De resto, os motivos por detrás
de uma separação são aproximadamente os mesmos dos que podem estar por detrás
de uma infidelidade e estão relacionados com as necessidades que vão ficando
por preencher – quer reparemos nelas, quer não.
DIVÓRCIO: AS CAUSAS
Desconexão emocional
Algumas pessoas nem se apercebem
de que vivem em piloto automático: acordam, trabalham, cuidam dos filhos,
cumprem as suas obrigações e vão deixando a relação conjugal para segundo plano.
Não é que não queiram namorar. Querem e muitas vezes até se esforçam para criar
momentos especiais. O que acontece é que esses momentos são demasiado raros
para que possam ser chamados de rituais. E todas as relações precisam de
rituais, aqueles momentos que são tão bons que escolhemos repeti-los vezes sem
conta.
Quase todos os casais começam por
ter estes rituais – é praticamente instintivo. Mas quando nos vamos distraindo
e deixamos de prestar atenção ao que o outro tem para dizer, quando preferimos
ver um episódio da nossa série preferida em vez de contrariarmos o cansaço e
inventarmos tempo para namorar, quando inundamos a pessoa que escolhemos de
críticas e obrigações e nos esquecemos de lhe perguntar, com genuína
curiosidade, «Como foi o teu dia?», a distância emocional vai aumentando.
Quase todas as pessoas tentam
contrariar a azáfama dos dias, tentam revelar-se, tentam fazer os seus apelos
de forma clara. Mas é tão fácil ignorar estes apelos e nem dar por isso. Claro
que quando são os nossos próprios apelos que são ignorados ou, pior do que
isso, desvalorizados, é difícil esquecer a mágoa.
Como estas estratégias de
sobrevivência são pontuadas pelas tentativas de cada um de obter a atenção do
outro, a frustração e a sensação de que «não vale a pena» vão-se instalando.
Tenho trabalhado cada vez mais
com pessoas que se separam após vinte ou mais anos de casamento.

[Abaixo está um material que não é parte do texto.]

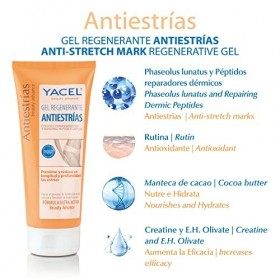 Anti-Vergetures Yacel | Arrête, Répare et Prévient la Formation des Vergetures | Approprié pour Femmes Enceintes et pour la P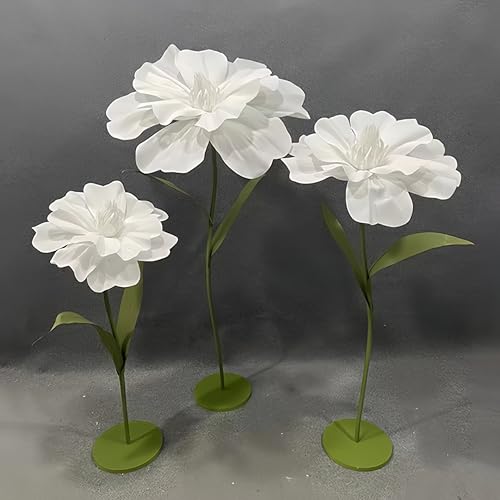 Giant Artificial Flowers, 4.6ft Large EVA Flowers Decoration for Wedding Birthday Easter Party Mother's Day Home Decor Shop Window Display Photography Props, White - color: E White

Em muitos
destes casos, a desconexão não aconteceu de um dia para o outro. Foi
acontecendo de forma gradual. E, muitas vezes, os membros do casal foram
aprendendo a viver assim. Mas o facto de vivermos cada vez mais tempo, o facto
de estarmos cada vez mais atentos ao nosso bem-estar e àquilo que nos faz
felizes e o facto de, a partir de determinada idade, estarmos mais centrados em
aproveitar o que quer que a vida tenha para nos oferecer e menos preocupados
com o que os outros possam pensar, faz com que haja mais pessoas a escolher
divorciar-se após décadas de casamento.
Afastamento físico
Quando observa um casal
apaixonado, no que é que repara? Se prestar atenção, há quase sempre um
elemento comum: aquelas duas pessoas tocam-se com frequência e mostram através
dos gestos o quanto se desejam. Não há necessariamente uma conotação sexual
nestas carícias, mas é difícil dissociá-las da paixão. A diminuição
significativa destes gestos de afeto é um dos principais sinais de alarme, sobretudo
em casais jovens. Sabemos que uma relação já teve melhores dias quando
constatamos que aquelas duas pessoas raramente se tocam.
Para muitos casais, esta é a
realidade: deixou de haver romantismo, deixou de haver desejo, deixou de haver
gestos de afeto. Muitas vezes, a intimidade emocional está lá e até pode haver
aquilo a que eu chamo de “familiaridade excessiva”, isto é, os membros do casal
são tão próximos que deixou de haver espaço para o mistério e para a sedução.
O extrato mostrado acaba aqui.